O investimento para a reabilitação do edifício está avaliado em 12 milhões de euros. Mas quanto é que vão pagar à Infraestruturas de Portugal pela concessão?
O montante que vamos pagar, perdoem-me, é informação reservada e não podemos revelá-la nesses moldes, mas diria que é um valor que consideramos competitivo e razoável, um valor que remunera adequadamente o proprietário do edifício, portanto diria que é bom para ambos as partes.
Que tipo de unidade está a preparar, tendo em conta os bons resultados deste setor?

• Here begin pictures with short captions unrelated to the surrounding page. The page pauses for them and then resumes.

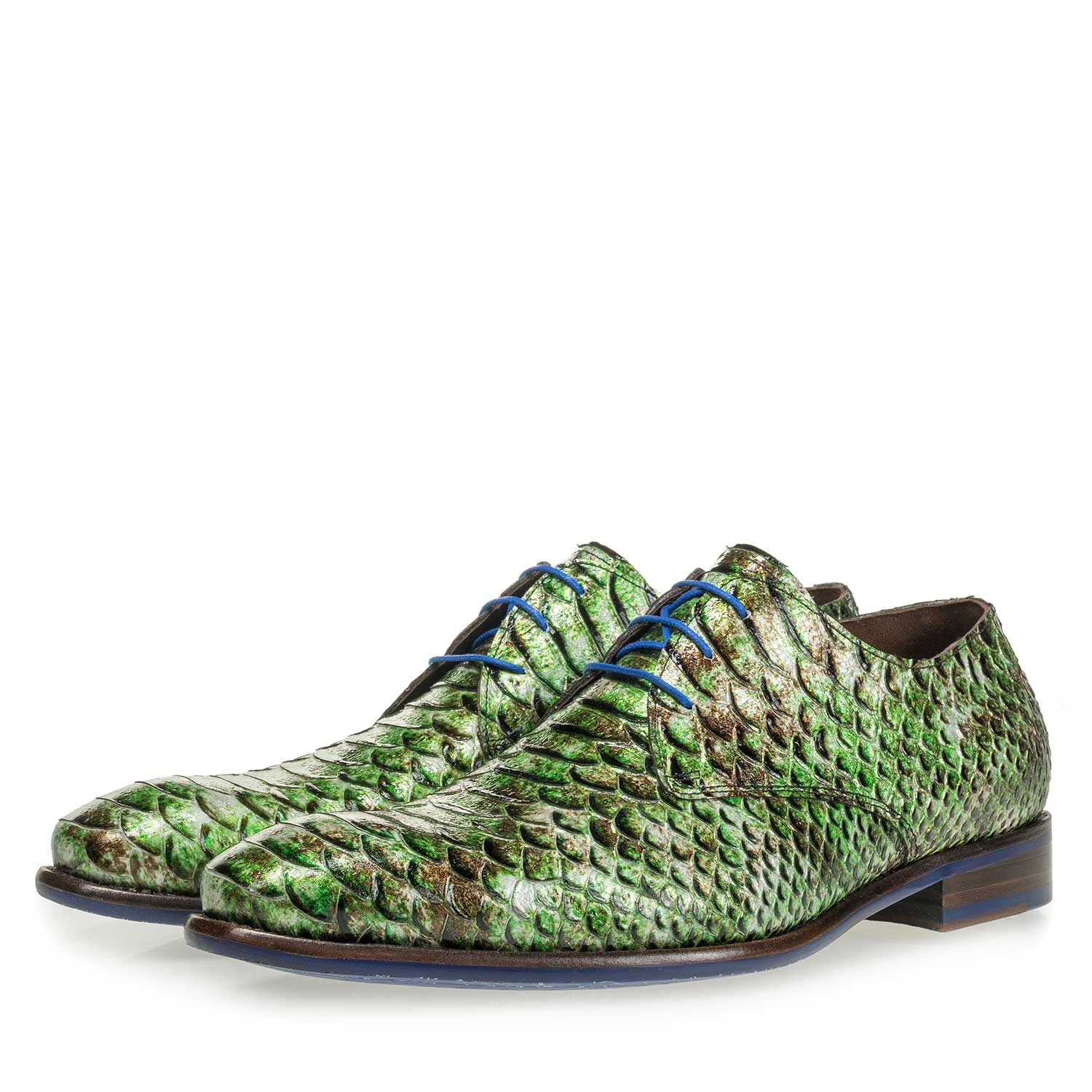 18121/01 - Groene lakleren veterschoen met snakeprint 18121/01 - Groene lakleren veterschoen met snakeprint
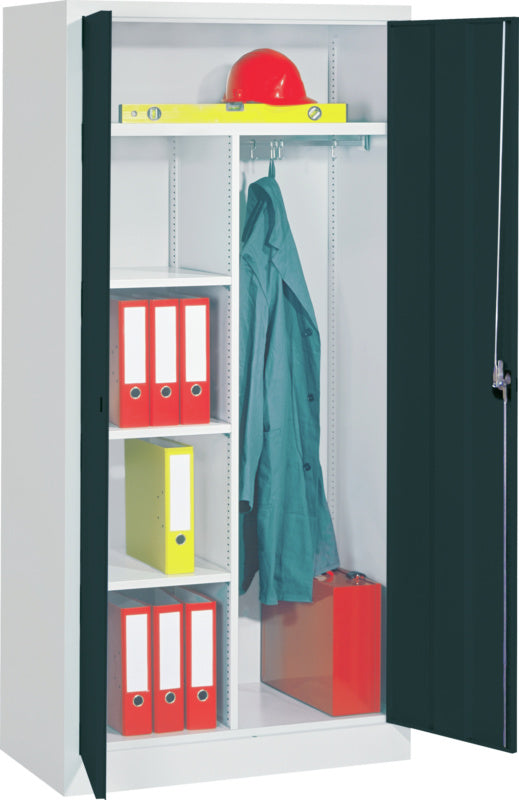 Univerzální skříň se šatní tyčí, policí na odkládání pokrývek hlavy a policemi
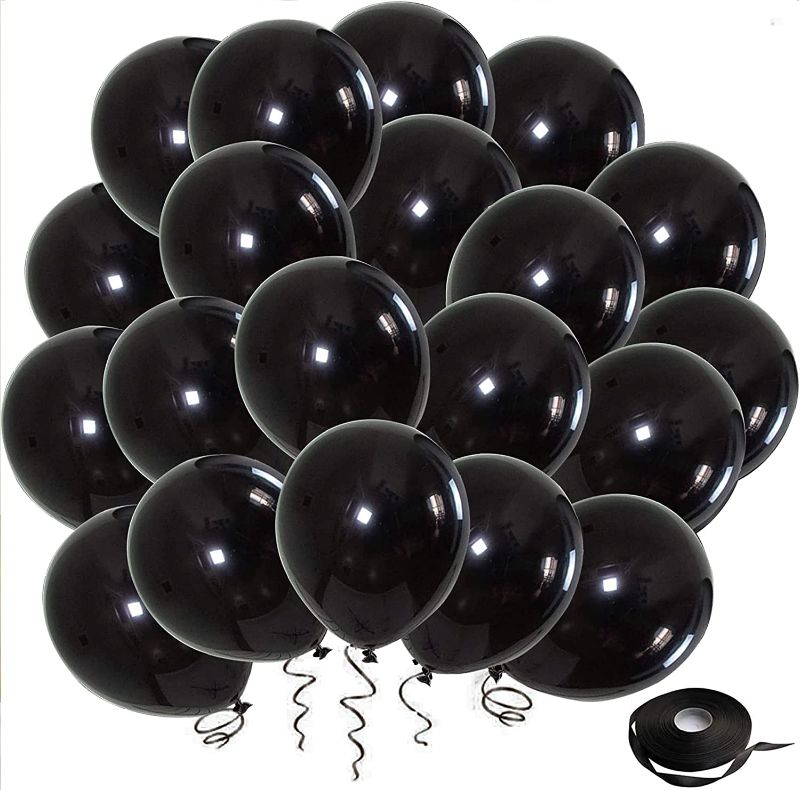 Photo 1 of 50pcs Black Latex Balloons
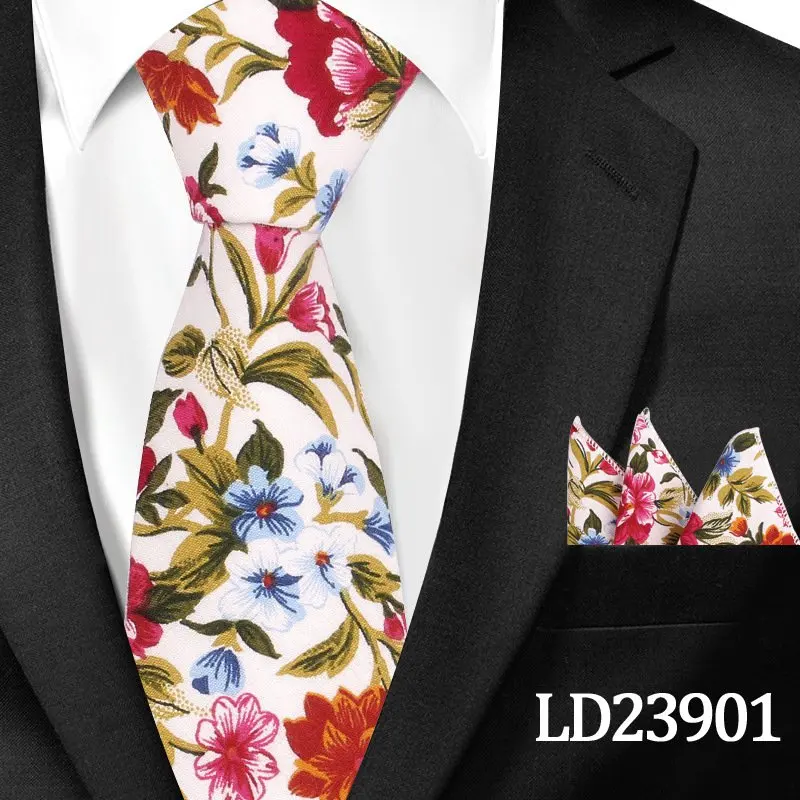 ZY-LD23901 Для мужчин галстук-платок 2 шт./компл. из хлопчатобумажной ткани с принтом Галстуки для Для мужчин платок шейный платок с ярким цветочным принтом облегающие Свадебная вечеринка аксессуары - Цвет: ZY-LD23901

Para que públicos é que estão a abrir portas?
Este hotel tem a vantagem de apelar a um público vasto e diversificado. Podemos atrair residentes locais e estrangeiros, é um local extremamente central, com muita visibilidade e movimento, numa zona nobre da cidade que está a melhorar a cada dia. Podemos atrair um segmento corporate, um segmento city break, enfim, é de grande amplitude. O dos cruzeiros também, naturalmente, é um ponto de passagem para muita gente, cruzamento de vários meios de transporte. Privilegiada.
A classificação já está decidida?
Ainda não está totalmente decidida. Faremos um hotel ou de 4 ou de 5 estrelas. Os de 5 estrelas obedecem a critérios relativamente rígidos e hoje em dia não é muito justo juntar a classificação à qualidade do produto. O que posso garantir é que a qualidade vai ser muito elevada. O local, o edifício, a cidade merecem isso, portanto cuidaremos para que seja um hotel muito atrativo. Seja 4 ou 5 estrelas, não decidimos, mas julgamos que não se deve dar muita importância a essa classificação. São critérios muito rígidos e de detalhe que o determinam.
O modelo que a Sonae Capital tem usado na hotelaria tem sido de exploração. Lisboa está a despertar neste momento para um novo negócio neste segmento: o hotel que vai nascer no CCB. Estão interessados?
Um projeto dessa dimensão e com esse carisma é sempre um projeto que acompanharemos e por princípio temos interesse. Naturalmente que cumprimos com Santa Apolónia o desígnio que queríamos atingir, que era a presença num mercado tão importante como o de Lisboa. Ampliar essa presença é sempre desejável, mas não lhe consigo dizer se será no CCB, noutro sítio, ou se acontecerá.
Projetar, construir e pagar uma renda de 300 mil euros é pedir demasiado ao concessionário?
É uma pergunta difícil de responder. É um projeto de grande ambição, de grande dimensão e que inclusivamente não se esgota na componente hoteleira, portanto há muitas variáveis em jogo. A renda é apenas uma dela. Conforme o restante contexto, a renda até pode ser adequada.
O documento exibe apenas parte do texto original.